THE PROBLEM = All lines from the one that contains "Getting in shape" through the close of the entries below are to be repeated exactly, without any pictures.

(Dataset excerpts)
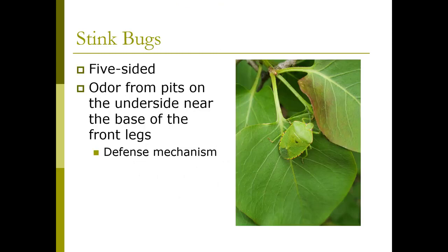Stink bugs are one type of true bug. They're five-sided. They put out an odor from pits on the underside near the base of their front legs. This is a defense mechanism, and they blend in very nicely — I found one on a lilac right near my house, so they're out there. Keep your eyes open.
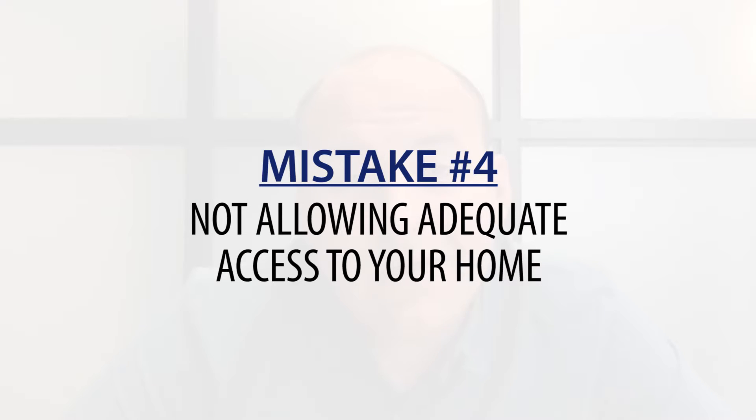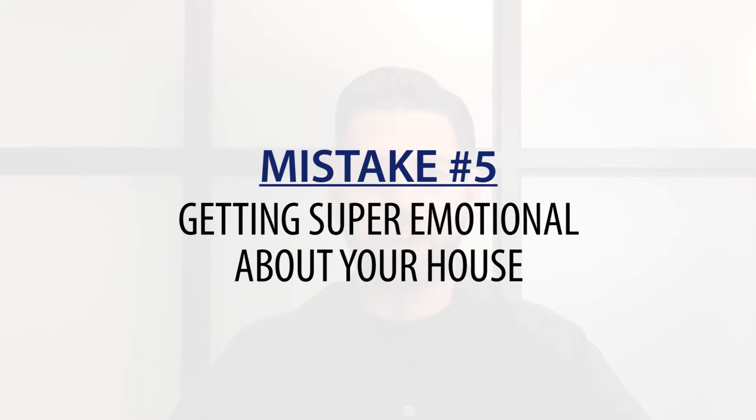Number four: not allowing adequate access to your home. I've found that for every ten times a seller says they can't accommodate a showing, eight of those ten buyers don't come back and their agents don't try to reschedule. It's very important that your home is show-ready at all times so we can accommodate agents and their buyers when they want to see it. It's not always about what's most convenient for us.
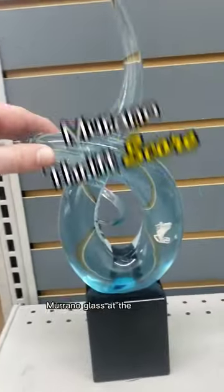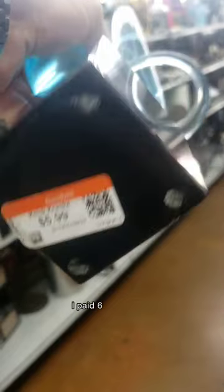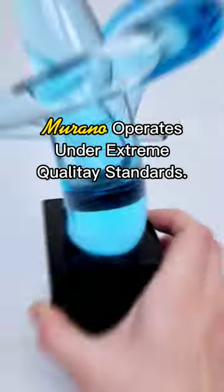Murano glass at the thrift store. A clue that gave it away was that old rubbed off sticker. It had a small flaw. I paid six bucks for it and it sold for 125 bucks. It took 10 months to sell.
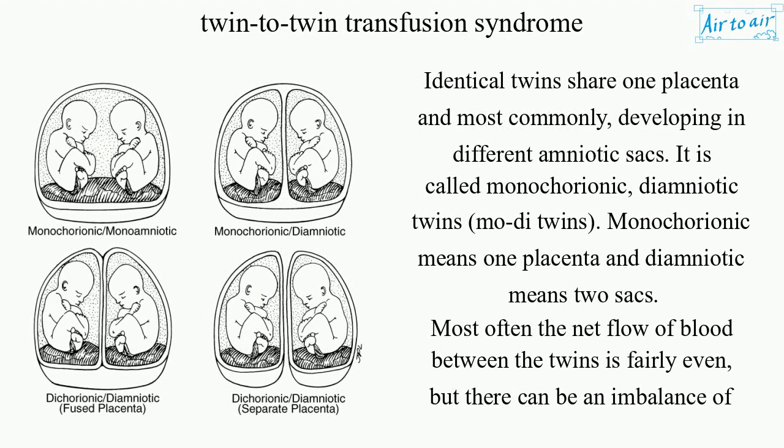Identical twins share one placenta and most commonly develop in different amniotic sacs. This is called monochorionic diamniotic twins, or modi twins. Monochorionic means one placenta and diamniotic means two sacs.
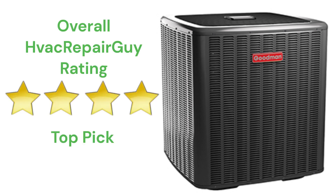This brand receives an overall 4-star top pick rating from HVAC Repair Guy. Please share your experiences with this brand in the comments section of the HVAC Repair Guy YouTube channel.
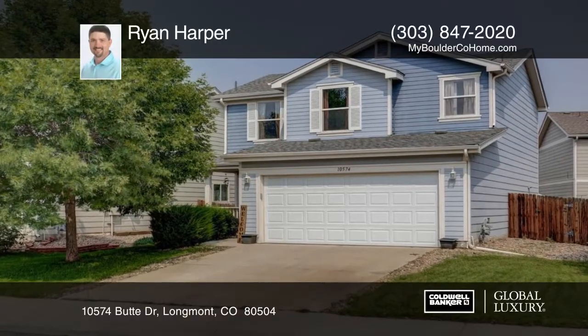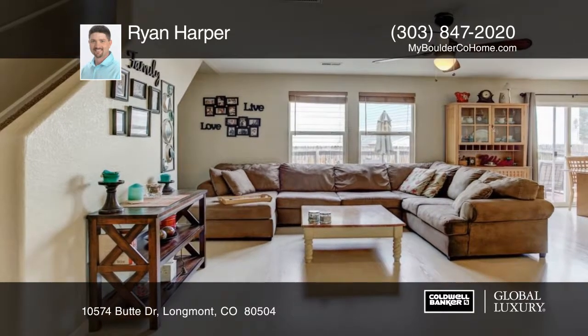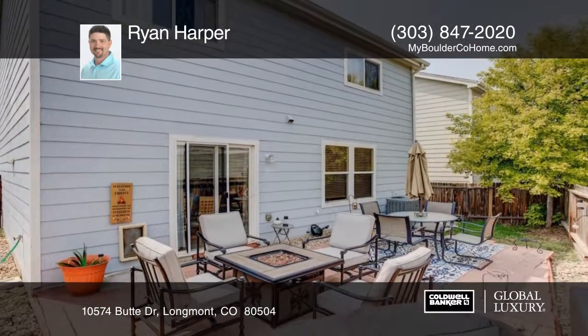You don't want to miss this move-in ready home with an open floor plan within walking distance to the park. This adorable home has large open living spaces.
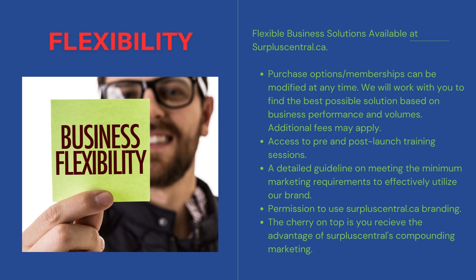Purchase options or memberships can be modified or changed at any time. We will work with you to find the best possible solution based on business performance and volumes. Additional fees may apply when switching. You get full access to pre- and post-launch training sessions. Everyone gets the detailed guideline on meeting the minimum marketing requirements to effectively utilize our brand.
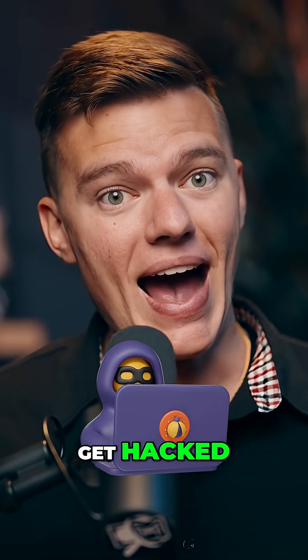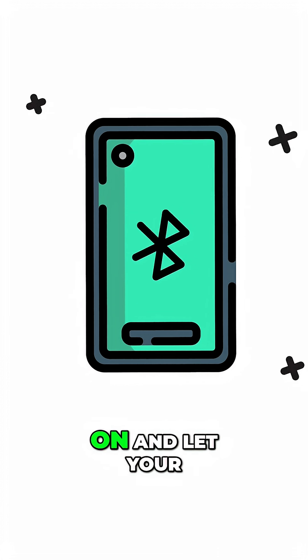You don't have to click on anything to get hacked. Just leave your Bluetooth on and let your phone do the rest.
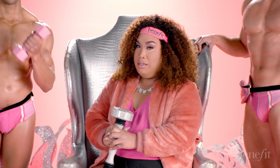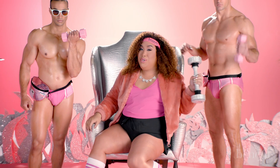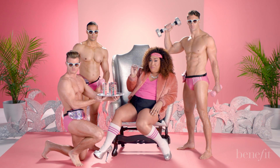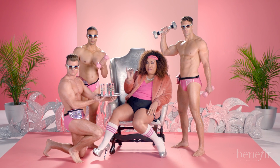Getting in shape is hard. I mean, really, really hard. But shaping your brows doesn't have to be. Drop those weights and pick up Benefit Cosmetics Goof Proof Eyebrow Pencil. Goof Proof makes it easy to shape and fill in those beautiful brows. And who doesn't love easy.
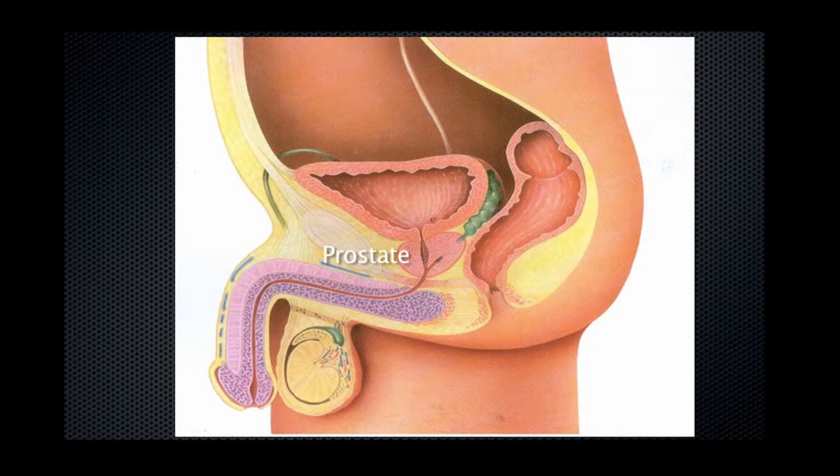The main function of the prostate is to produce semen. Most of the fluid that is ejaculated with orgasm is prostatic fluid, with a small amount of sperm produced by the testes mixed in with this.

OUTPUT =
Getting in shape is hard. I mean, really, really hard. But shaping your brows doesn't have to be. Drop those weights and pick up Benefit Cosmetics Goof Proof Eyebrow Pencil. Goof Proof makes it easy to shape and fill in those beautiful brows. And who doesn't love easy.
The main function of the prostate is to produce semen. Most of the fluid that is ejaculated with orgasm is prostatic fluid, with a small amount of sperm produced by the testes mixed in with this.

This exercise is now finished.